Summary/Abstract
This report provides a mid-year update to Ember’s annual Global Electricity Review. It compares the first six months of 2021 (H1-2021) to the same period in 2019 (H1-2019), to show for the first time how the electricity transition has changed as the world rebounds from the impact of the pandemic in 2020.
We have researched monthly electricity data to June 2021 for 63 countries covering 87% of the world’s electricity production. We have made this data available in full for all to use.
Key Findings:
Rising global electricity demand outpaced growth in clean electricity, which led to an increase in coal power, raising CO2 emissions. Global power sector emissions rebounded in the first half of 2021, increasing 12% from the lows seen in H1-2020, so that emissions are now 5% above the pre-pandemic levels of H1-2019. Global electricity demand also rose by 5% in the first half of 2021 compared to pre-pandemic levels, which was mostly met by wind and solar power (57%) but also an increase in emissions-intensive coal power (43%) that caused the rise in CO2 emissions. Gas was almost unchanged, while hydro and nuclear saw a slight fall. For the first time, wind and solar generated over a tenth of global electricity and overtook nuclear generation.
No country has yet achieved a truly ‘green recovery’ for their power sector, with structural change in both higher electricity demand and lower CO2 power sector emissions. Several countries including the US, EU, Japan and Korea achieved lower power sector CO2 emissions compared to pre-pandemic levels – with wind and solar replacing coal – but only in the context of suppressed demand growth. Countries with rising electricity demand also saw higher emissions, as coal generation increased as well as wind and solar. These ‘grey recovery’ countries are mostly in Asia: China, Bangladesh, India, Kazakhstan, Mongolia, Pakistan and Vietnam.

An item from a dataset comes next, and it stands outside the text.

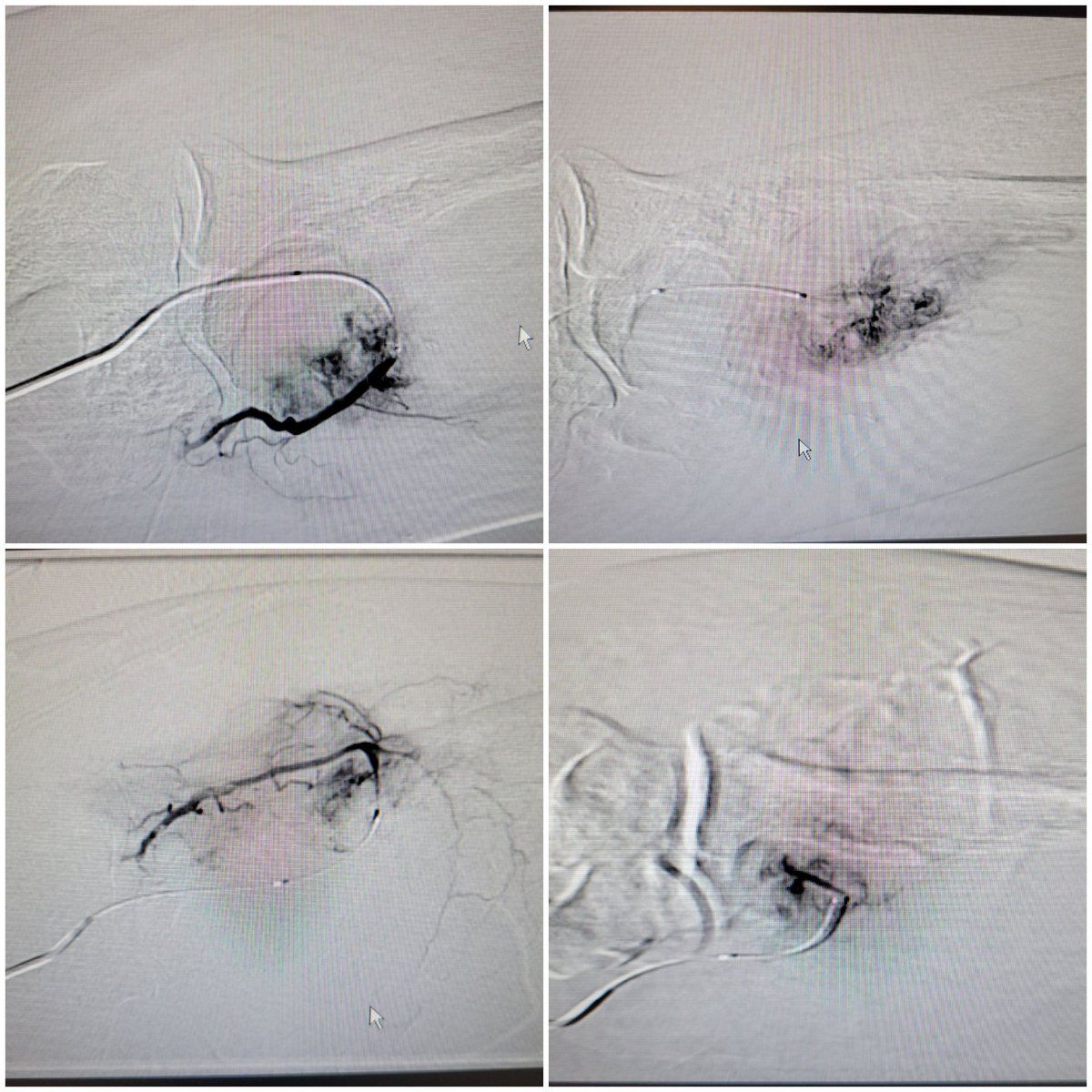 TempleRADs's tweet photo. Patient with metastatic RCC to ulna. Preop particle embo on multiple arterial branches. Successful resection arthroplasty done 1 day later. Sweet collaboration with @TempleOrtho! Great job Dr. Cuthbertson and @Nmontec2. @TempleRadRes @SIRspecialists @SIR_ECS @SIRRFS #IRAD https://t.co/UIWvURT1ZF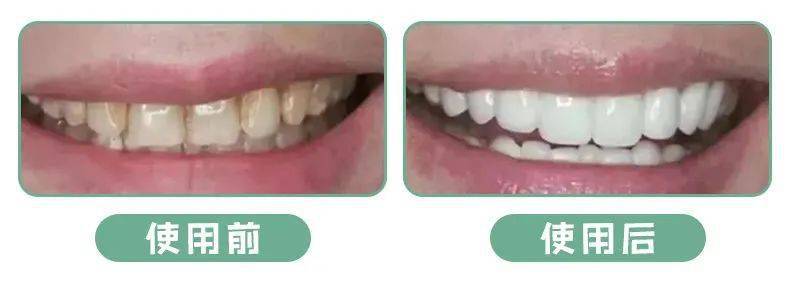 好闻|可以嚼的“漱口水”！好看好嚼好闻，口吐清新…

China needs to urgently expedite its electricity transition. China’s electricity demand rose by 14% from H1-2019 to H1-2021 and is approaching EU per capita levels. Over two-thirds (68%) was met by coal power and the rest by wind and solar (29%). China was responsible for 90% of the world’s increase in electricity demand and 43% of the world’s increase in wind and solar during this period. It added more coal power (+337 TWh) than the EU’s total coal generation in H1-2021. As a result, China’s share of global coal generation rose from 50% in 2019 to 53% in H1-2021.